I am a virgin too but what I can advise you is do not let any man know that you are a virgin beacause he can take advantage of you. Men can be craft sometimes, if you disclose that you are a virgin, he will start proposing marriage to you and say that since we about to get marriage we can starting having sex and once he test a virgin girl he will dapt you and go to another girl. I am 28 years old still a virgin and what has kept me is the fear of God. The bible say we are the temple of the Holy Spirit. Keep your virginity for your husband and he has to discover it by himself after bells rings. I have been facing this for too long once I disclose it to the so called fience he would want to have a test of it. Since I fear God not man everytime I refuse to have sex with him then the relationship ends so I wonder why men want sex before marriage. My advance is do not disclose to him you will be vunarable to him.
From what I am seeing mostly women are responding. Well, I am a guy and I was the first on three occasions.
First of all, women choose to have sex for a myriad of reasons and not all of them are connected to warm fuzzies. (Some women do it out of revenge to a former boyfriend; some just want to get rid of it so it does not weigh on their mind.)
My advice to any girl is to definitely tell him – for your own protection. Please, do not tell him as you are about to do it. Tell him when you decide you want o do it and before you plan to go trough with it because he may go either way – he may freak or he may not. In the moment when you are both naked and planning to engage in intercourse you will feel very vulnerable and any negative reaction on his part at that time could leave you with trauma.

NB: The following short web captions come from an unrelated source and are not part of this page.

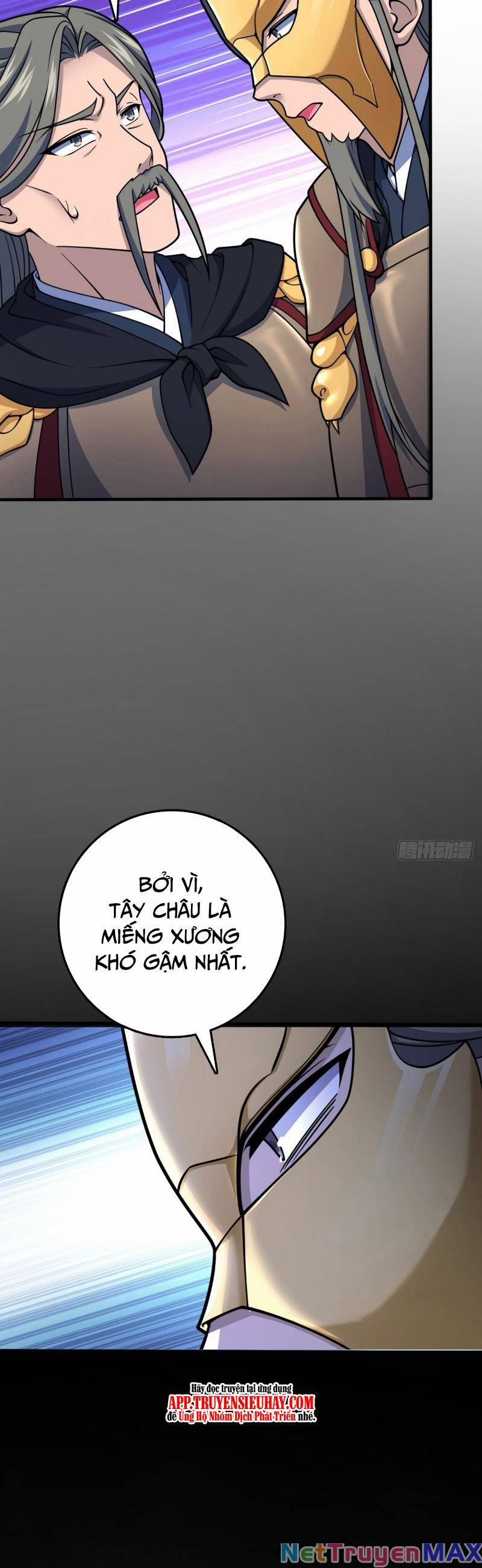 Đại Vương Tha Mạng 801 trang 10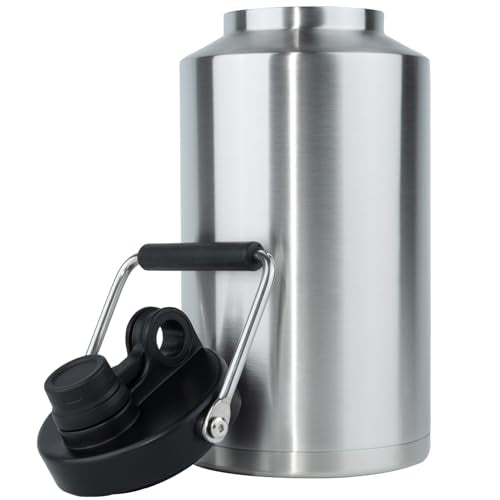 Insulated Gallon Jug with Handle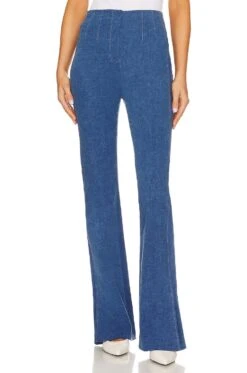 Veronica Beard Royce Pant Cosmo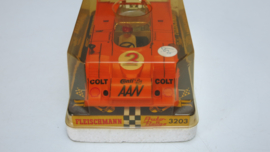 3203 Porsche Can-Am oranje nr. 2 (spiegels zwart) (nieuwstaat, gestempeld)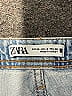 Zara Blue Jeans Size 4 - photo 3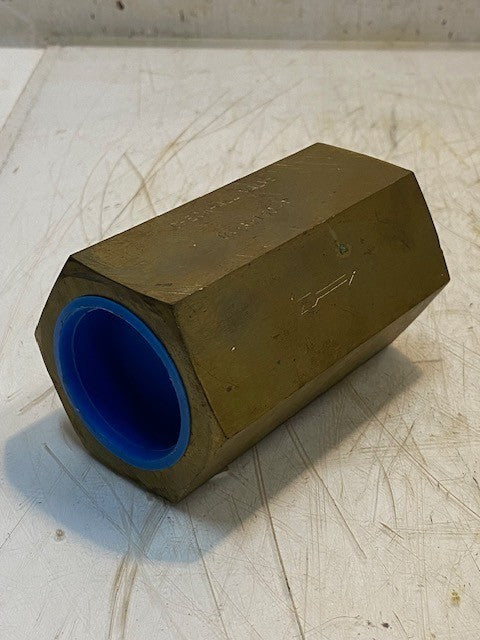 Check-All Hydraulic One Way Valve UN-3-150-B Pressure Relief Valve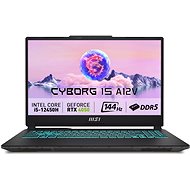 MSI Cyborg 15 A12VE - Herní notebook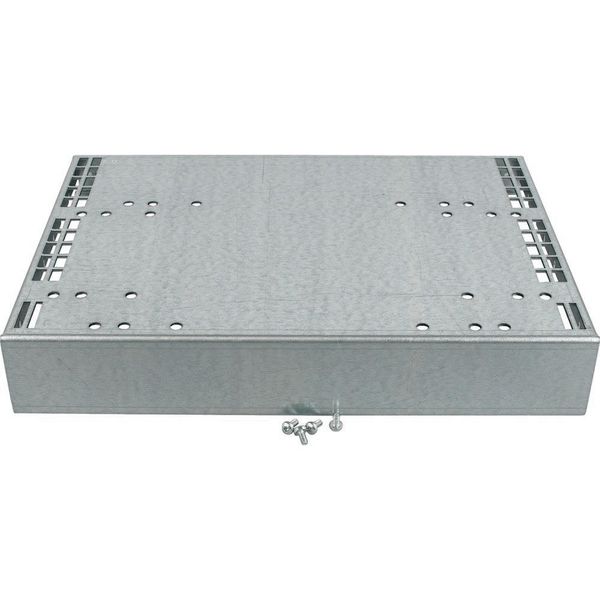 XVTL-IZM26-8 Mounting plate for IZMX16,IZM26, W=800mm image 3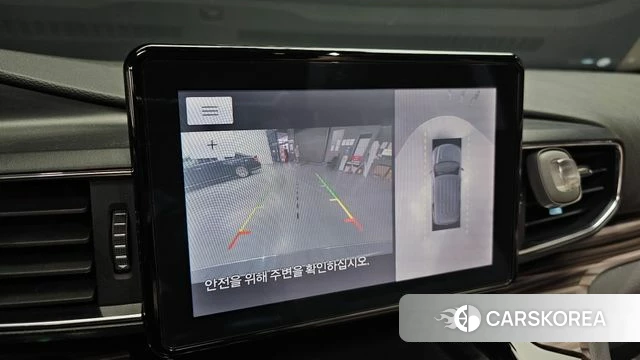 Ford Explorer 6th Generation 2021 Белый из Кореи, фото 6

One of my former girlfriends had a very bad experience. She told the guy and he refused to take her virginity, on top of it he made a comment about her breasts. It took me two years to persuade her that her breasts were normal and beautiful.
As far as having sex for the first time make sure he is a nice guy you know pretty well (unless your religious tenants tell you to wait for your husband – I personally believe that is sexist crap perpetuated to control female sexuality but it does leave you free from worrying about it and disease free) - Somebody whose loyalties and behavior has been tested before. That is why I do not see it as a bad option to do it with your best guy friend. At least you know he will be nice and careful.
Practice of your PC muscles will generally lead to better enjoyment for both partners and will also help in childbirth so I recommend it wholeheartedly.
Guys can be very deceveful,soo why dont u wait for the one who is ready to marry you.I had sex at the age of 18, and never told the guy because i thought he would look down upon me, but have now regretted it.
But I am oposited like all of you. I am regretted that I lost virgin. I should keep for the right man. I always carry my deep pain for over 13 years and till today. I don't blame him. I always blame myself.
I don't know if the right man come. WHat I should say to him? Will he know that I lost virgin? Or will he look down on me?